§ Instructions for the task
Omit all pictures. Quote the lines from the one with "Handbook of Production" through the end of the listing below, exactly as they appear.

§ Records provided
|---|

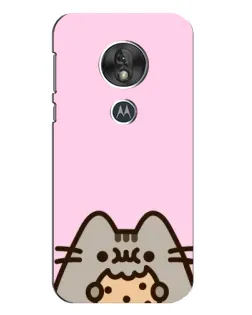 Чехол для Motorola MOTO G7 Play с картинкой «Pusheen и печенье» Чехол для Motorola MOTO G7 Play с картинкой «Pusheen и печенье»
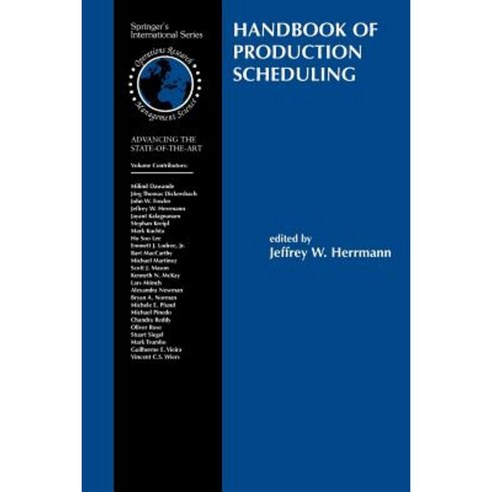 Handbook of Production Scheduling Paperback, Springer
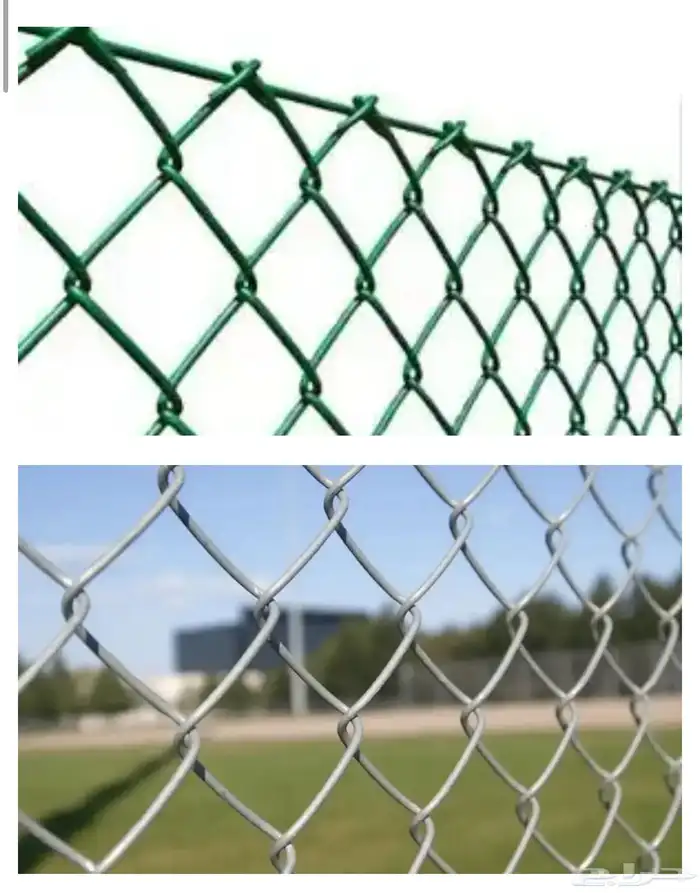 شبك مجلفن واخضر وسلك شائك وحلزوني 8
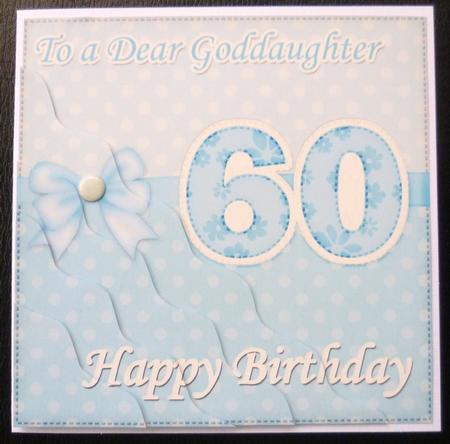 60th Birthday Goddaughter Felties Wavy Corner Side Stacker by Charlie Angel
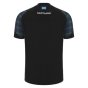 2023-2024 Scotland Rugby Travel Polycotton T-Shirt (Black) (Your Name)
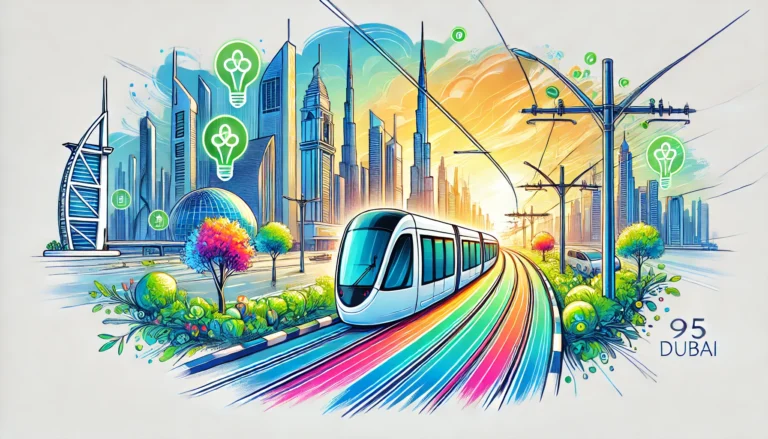 Trackless Trams in Dubai - Modern Urban Transport with Sustainability | 95dubai.com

|---|

§ Expected output
 Handbook of Production Scheduling Paperback, Springer
 شبك مجلفن واخضر وسلك شائك وحلزوني 8
 60th Birthday Goddaughter Felties Wavy Corner Side Stacker by Charlie Angel
 2023-2024 Scotland Rugby Travel Polycotton T-Shirt (Black) (Your Name)
 Trackless Trams in Dubai - Modern Urban Transport with Sustainability | 95dubai.com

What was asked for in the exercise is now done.